Rumsfeld does not seek “democracy” for Iraq

If we read carefully Secretary Rumsfeld’s article in the Wall Street Journal, it becomes clear that he is not seeking “democracy” per se in Iraq. First, he speaks of the hope that Iraq will become a “free country,” a “representative democracy.” These expressions are already an improvement over the usual sloganeering, which uses the word “democracy” without any qualification at all. Rumsfeld continues:

We are committed to helping the Iraqi people get on that path to a free society. We do not have an American “template” we want to impose: Iraqis will figure out how to build a free nation in a manner that reflects their unique culture and traditions.

Then he gets to his list of particulars:

What President Bush has outlined are some broad principles that are critical if Iraq’s transition from tyranny is to succeed: that Iraq be a single country, which does not support terrorists, threaten its neighbors or the world with weapons of mass destruction, or threaten its diverse population with terror and repression; that it have a government that respects and protects minorities, provides opportunities for its people through a market economy, and justice through an independent judiciary and rule of law.
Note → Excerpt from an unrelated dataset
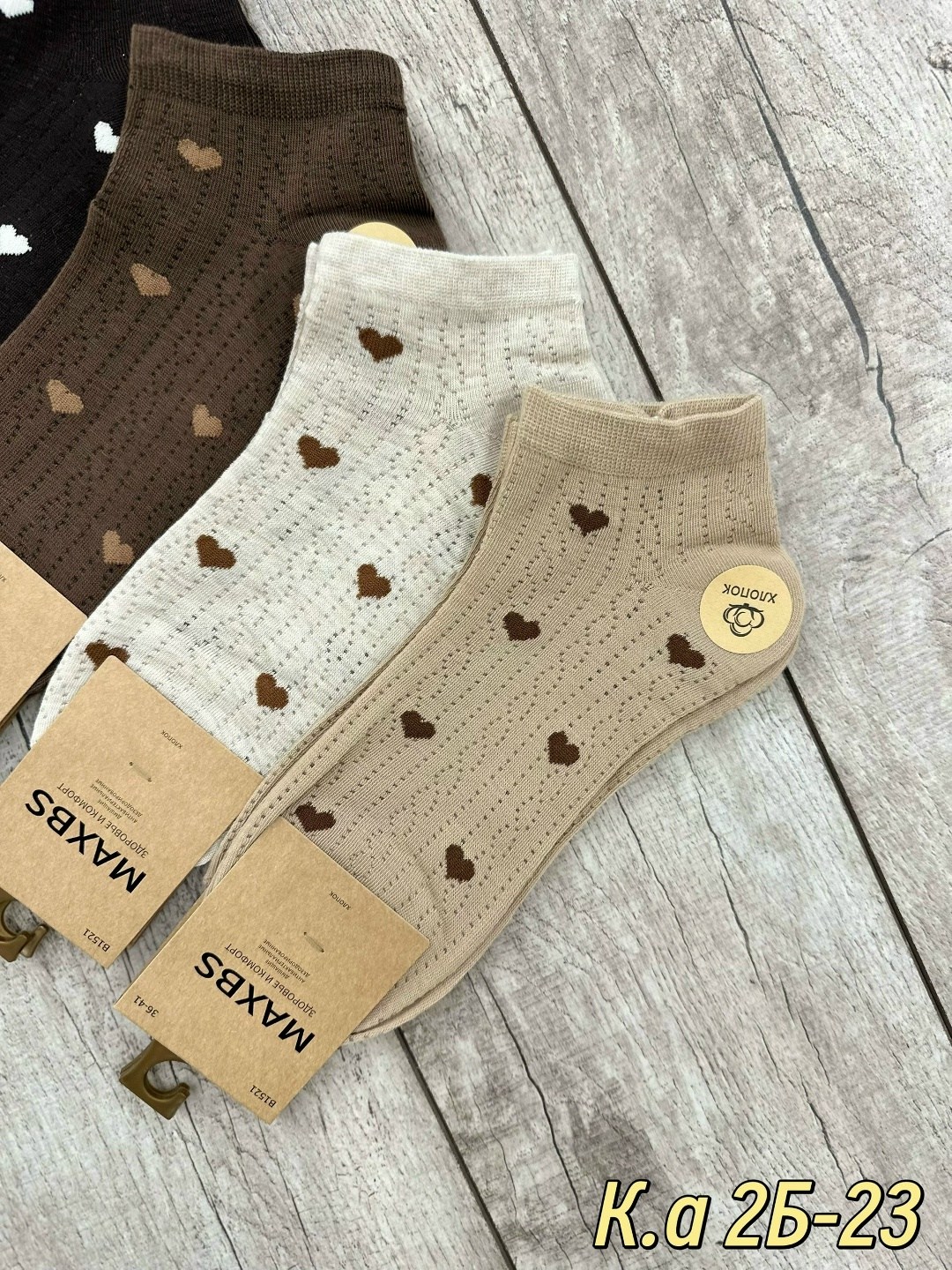 носки женские 10 пар,носки женские,носки женские 5 пар 36-41 turkan,носки женские 10 пар разного цвета,носки женские turkan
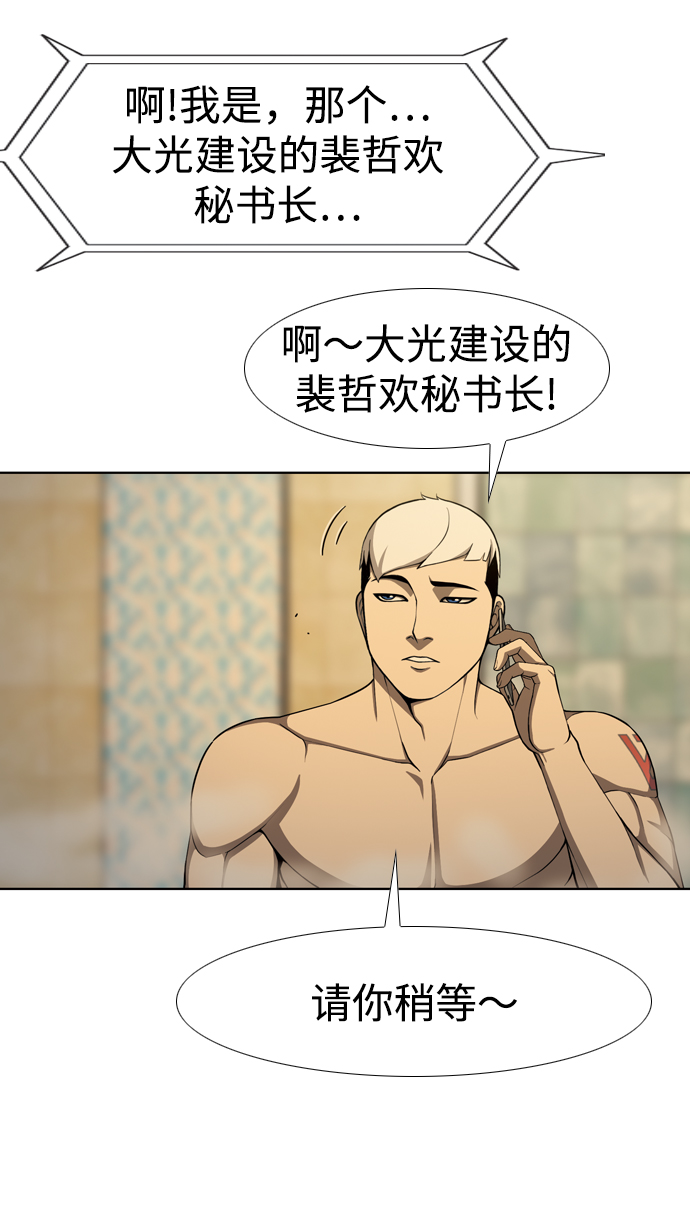 [第23话] 委托人51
These are core principles that undergird the world’s diverse community of free nations. The coalition will seek out Iraqis who support these principles, and who desire to have a role in their country’s future. Those who oppose these principles—whose agenda is to replace Saddam Hussein’s tyranny with some other form of dictatorship—will be opposed.

Notice that NONE of the principles in Rumsfeld’s list include democracy, whether the pure type, i.e., a government chosen by one-person, one-vote election of the entire citizenry, or some kind of federal, mixed system like our own. He says, in essence, that President Bush wants Iraq to be a civilized, safe country with rule of law and a free economy. Moreover, the freedom he’s speaking of is personal liberty, i.e., basic human and civil rights, not political liberty, i.e. the right to vote and run for office. So Rumsfeld/Bush are not actually talking about democracy at all. The goals they outline could be met by a monarchy, an aristocracy, or even a benevolent dictator.

But then, after discussing further goals, none of which involve elections, popular rule, or anything like that, he says: “Trial and error. The transition to democracy will take time and may not always be a smooth road.”

So, when it comes to general statements of intention, Rumsfeld speaks of a transition to “democracy,” the obligatory ideal in modern American politics. But when it comes to concrete particulars, he doesn’t mention democracy at all. The rhetoric requires constant bows to “democracy,” but the reality is something else.

Or, at least, that’s the way he’s coming across in this one article.

Posted by Lawrence Auster at May 27, 2003 12:01 PM | Send


I’ve always held out real hope that Rumsfeld and most of the administration do not operate under the sort of astonishing and terrible illusions imbibed and circulated by their cheerleaders outside of government.